■ Exercise goal ■
Look through the entries below and extract exactly the lines from the one containing "Used 2024 Volkswagen" through the one containing "Học phần cứng hay phần mềm dễ kiếm việc làm?", ends included.

[[ Dataset, beginning ]]

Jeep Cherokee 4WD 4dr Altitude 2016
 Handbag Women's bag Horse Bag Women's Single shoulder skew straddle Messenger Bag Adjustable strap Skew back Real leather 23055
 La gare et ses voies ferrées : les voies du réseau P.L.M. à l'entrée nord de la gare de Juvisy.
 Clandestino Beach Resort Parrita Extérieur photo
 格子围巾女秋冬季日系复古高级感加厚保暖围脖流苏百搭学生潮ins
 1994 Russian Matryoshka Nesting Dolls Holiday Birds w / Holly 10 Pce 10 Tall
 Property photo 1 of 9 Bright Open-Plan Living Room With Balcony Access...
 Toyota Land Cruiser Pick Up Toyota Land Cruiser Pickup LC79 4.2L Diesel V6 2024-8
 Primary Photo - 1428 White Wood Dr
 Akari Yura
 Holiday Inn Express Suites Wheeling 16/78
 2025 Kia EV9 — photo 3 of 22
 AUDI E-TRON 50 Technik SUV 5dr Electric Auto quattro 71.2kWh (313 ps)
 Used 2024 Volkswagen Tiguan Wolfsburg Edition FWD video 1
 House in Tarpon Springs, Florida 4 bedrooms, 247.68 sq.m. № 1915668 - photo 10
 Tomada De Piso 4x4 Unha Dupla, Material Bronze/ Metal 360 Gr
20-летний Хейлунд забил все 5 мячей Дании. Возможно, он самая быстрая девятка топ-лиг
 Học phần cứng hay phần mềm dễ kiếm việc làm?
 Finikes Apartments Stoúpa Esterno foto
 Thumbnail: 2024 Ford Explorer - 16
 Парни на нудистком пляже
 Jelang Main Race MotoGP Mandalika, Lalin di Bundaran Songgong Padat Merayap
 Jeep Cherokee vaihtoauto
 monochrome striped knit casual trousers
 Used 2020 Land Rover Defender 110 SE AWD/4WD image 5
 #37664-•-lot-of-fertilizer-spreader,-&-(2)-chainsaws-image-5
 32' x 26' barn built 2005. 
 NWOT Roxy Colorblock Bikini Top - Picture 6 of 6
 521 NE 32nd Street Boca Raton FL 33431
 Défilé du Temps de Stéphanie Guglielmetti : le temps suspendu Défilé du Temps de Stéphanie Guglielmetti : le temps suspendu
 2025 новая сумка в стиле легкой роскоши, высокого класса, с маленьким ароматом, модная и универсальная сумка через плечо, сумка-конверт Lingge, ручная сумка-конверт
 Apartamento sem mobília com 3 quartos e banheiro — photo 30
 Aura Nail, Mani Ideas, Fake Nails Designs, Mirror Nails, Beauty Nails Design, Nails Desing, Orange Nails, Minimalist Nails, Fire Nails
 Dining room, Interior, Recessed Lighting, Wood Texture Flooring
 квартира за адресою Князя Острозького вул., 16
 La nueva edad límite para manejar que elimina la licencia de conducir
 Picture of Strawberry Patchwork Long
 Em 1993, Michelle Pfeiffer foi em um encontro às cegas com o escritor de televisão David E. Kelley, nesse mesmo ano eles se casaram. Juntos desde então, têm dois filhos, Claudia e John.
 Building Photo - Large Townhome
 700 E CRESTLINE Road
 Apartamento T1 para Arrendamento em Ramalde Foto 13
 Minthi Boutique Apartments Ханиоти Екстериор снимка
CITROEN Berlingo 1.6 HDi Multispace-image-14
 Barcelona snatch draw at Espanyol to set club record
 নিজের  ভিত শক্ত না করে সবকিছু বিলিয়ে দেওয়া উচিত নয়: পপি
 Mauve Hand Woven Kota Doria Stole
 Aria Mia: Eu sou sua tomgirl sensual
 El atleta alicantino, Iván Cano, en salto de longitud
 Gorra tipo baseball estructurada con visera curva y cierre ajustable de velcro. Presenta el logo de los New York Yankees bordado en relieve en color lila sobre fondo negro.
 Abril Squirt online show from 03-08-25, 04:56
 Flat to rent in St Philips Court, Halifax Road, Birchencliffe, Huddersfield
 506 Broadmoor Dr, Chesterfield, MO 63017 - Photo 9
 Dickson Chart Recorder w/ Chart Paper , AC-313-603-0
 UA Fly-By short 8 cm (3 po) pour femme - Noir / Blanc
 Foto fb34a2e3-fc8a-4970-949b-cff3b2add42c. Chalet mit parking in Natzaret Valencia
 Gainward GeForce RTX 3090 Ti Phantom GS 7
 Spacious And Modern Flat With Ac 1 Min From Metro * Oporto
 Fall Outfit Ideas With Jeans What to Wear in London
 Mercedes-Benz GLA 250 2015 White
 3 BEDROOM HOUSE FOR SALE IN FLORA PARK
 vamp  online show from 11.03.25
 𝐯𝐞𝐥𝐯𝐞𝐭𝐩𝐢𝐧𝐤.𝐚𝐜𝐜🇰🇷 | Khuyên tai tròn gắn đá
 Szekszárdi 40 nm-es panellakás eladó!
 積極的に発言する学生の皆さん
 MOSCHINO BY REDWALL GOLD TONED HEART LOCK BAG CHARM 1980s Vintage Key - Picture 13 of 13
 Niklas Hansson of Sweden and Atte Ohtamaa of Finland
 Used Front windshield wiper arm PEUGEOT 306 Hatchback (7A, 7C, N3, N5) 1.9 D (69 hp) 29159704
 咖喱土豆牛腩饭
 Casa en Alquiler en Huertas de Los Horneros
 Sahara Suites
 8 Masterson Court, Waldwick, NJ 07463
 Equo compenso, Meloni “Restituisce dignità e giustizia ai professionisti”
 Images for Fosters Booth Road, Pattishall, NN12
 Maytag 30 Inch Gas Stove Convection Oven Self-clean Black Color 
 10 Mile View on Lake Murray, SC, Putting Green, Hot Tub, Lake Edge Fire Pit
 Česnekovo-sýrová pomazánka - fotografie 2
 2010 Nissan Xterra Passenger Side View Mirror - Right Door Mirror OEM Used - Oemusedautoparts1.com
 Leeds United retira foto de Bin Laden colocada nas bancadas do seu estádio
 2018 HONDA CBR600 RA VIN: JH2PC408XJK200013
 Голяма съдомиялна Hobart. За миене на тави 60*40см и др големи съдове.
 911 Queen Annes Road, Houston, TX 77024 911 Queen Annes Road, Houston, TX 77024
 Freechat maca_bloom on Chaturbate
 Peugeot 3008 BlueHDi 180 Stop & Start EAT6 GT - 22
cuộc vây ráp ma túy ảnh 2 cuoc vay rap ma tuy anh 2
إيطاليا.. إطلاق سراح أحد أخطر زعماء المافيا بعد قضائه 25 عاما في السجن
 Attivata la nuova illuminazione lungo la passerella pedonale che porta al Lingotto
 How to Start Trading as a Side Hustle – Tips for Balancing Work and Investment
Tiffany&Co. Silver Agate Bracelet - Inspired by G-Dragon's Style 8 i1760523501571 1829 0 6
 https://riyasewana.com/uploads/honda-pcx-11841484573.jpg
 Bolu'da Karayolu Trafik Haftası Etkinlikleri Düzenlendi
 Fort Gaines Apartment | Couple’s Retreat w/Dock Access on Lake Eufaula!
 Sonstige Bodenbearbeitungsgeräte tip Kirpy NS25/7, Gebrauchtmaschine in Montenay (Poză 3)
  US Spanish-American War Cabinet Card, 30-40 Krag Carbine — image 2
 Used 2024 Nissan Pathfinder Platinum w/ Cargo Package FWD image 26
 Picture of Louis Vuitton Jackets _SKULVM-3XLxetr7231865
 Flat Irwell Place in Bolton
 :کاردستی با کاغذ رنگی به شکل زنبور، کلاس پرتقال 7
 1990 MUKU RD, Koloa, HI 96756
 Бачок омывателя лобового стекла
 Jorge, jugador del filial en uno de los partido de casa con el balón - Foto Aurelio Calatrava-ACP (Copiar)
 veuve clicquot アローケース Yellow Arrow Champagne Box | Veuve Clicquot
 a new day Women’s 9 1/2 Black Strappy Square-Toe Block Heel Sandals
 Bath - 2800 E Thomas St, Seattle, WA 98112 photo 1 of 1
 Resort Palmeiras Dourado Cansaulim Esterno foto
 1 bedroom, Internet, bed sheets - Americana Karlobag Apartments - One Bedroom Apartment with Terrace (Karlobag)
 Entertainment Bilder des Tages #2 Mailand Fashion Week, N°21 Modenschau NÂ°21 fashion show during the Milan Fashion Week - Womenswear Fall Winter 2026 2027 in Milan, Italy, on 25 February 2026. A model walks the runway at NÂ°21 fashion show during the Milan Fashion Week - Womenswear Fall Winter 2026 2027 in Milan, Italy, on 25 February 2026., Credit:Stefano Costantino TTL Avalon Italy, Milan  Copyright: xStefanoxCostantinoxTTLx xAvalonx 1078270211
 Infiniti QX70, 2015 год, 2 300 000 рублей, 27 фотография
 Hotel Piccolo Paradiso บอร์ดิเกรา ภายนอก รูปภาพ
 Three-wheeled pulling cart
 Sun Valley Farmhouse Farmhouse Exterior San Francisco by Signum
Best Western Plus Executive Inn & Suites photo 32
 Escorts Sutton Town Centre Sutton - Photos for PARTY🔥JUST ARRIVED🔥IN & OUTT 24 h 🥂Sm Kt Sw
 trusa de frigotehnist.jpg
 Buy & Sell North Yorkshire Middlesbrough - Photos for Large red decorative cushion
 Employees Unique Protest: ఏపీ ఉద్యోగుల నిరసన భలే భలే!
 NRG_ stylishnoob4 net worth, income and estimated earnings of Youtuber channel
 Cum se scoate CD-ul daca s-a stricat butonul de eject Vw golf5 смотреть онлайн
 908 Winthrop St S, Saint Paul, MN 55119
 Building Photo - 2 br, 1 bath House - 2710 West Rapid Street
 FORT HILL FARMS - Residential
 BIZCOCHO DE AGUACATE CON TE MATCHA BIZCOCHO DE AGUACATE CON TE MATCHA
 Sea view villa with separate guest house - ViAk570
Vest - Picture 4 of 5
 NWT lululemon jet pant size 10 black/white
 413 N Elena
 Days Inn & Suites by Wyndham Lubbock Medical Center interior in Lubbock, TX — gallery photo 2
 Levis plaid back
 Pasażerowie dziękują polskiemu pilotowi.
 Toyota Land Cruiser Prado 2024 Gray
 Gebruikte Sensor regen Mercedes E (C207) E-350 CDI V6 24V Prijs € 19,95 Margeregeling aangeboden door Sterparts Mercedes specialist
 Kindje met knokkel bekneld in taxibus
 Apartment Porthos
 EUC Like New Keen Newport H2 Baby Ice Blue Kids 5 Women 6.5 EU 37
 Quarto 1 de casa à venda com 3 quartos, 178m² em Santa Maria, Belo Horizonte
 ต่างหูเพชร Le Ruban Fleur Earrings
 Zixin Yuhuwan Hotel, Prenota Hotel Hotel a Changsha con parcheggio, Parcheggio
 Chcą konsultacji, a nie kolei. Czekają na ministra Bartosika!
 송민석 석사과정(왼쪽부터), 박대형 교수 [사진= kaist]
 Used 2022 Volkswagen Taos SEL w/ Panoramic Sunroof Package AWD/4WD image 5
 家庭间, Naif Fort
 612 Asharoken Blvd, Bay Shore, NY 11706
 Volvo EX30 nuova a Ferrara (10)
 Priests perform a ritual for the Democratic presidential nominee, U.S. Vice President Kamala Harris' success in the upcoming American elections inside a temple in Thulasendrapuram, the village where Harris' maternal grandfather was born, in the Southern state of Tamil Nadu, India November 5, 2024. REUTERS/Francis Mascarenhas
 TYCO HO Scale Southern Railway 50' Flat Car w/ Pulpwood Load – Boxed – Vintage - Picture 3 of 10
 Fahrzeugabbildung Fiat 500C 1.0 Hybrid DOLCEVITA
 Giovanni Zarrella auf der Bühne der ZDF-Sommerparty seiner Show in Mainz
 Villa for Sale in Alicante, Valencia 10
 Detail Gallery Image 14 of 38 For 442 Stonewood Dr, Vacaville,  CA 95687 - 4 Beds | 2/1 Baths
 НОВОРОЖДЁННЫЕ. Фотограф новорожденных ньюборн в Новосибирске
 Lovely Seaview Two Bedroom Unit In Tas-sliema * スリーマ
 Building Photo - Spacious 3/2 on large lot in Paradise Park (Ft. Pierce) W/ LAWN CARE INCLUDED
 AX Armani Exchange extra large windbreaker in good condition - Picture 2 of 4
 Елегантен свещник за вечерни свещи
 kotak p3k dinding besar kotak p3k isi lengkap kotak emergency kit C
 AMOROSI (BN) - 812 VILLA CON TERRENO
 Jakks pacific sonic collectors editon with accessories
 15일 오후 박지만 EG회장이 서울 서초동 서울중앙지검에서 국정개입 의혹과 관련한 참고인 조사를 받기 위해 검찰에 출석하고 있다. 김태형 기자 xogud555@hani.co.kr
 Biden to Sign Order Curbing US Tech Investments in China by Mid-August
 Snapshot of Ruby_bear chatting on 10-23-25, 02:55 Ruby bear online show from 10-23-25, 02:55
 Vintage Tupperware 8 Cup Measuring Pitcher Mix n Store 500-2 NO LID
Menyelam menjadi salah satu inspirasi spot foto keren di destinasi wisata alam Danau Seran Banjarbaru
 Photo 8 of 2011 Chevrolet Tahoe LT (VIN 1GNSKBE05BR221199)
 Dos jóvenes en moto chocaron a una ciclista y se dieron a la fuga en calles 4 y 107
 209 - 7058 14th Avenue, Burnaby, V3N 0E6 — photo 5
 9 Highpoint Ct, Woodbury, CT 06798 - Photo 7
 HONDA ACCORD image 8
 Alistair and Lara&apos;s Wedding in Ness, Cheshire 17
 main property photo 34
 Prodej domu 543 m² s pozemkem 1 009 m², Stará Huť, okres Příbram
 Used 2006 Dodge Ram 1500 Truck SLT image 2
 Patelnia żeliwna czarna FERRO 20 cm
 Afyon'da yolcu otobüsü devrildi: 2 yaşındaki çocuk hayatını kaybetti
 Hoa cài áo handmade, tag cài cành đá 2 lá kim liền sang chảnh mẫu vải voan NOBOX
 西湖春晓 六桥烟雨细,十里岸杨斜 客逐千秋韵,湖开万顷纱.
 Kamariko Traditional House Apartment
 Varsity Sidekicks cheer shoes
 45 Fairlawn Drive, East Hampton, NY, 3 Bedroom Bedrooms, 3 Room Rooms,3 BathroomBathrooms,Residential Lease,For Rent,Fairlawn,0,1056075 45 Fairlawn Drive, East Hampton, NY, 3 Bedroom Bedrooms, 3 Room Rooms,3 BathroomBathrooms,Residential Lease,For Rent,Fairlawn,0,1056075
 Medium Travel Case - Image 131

[[ Dataset, end ]]

■ Worked solution ■
 Used 2024 Volkswagen Tiguan Wolfsburg Edition FWD video 1
 House in Tarpon Springs, Florida 4 bedrooms, 247.68 sq.m. № 1915668 - photo 10
 Tomada De Piso 4x4 Unha Dupla, Material Bronze/ Metal 360 Gr
20-летний Хейлунд забил все 5 мячей Дании. Возможно, он самая быстрая девятка топ-лиг
 Học phần cứng hay phần mềm dễ kiếm việc làm?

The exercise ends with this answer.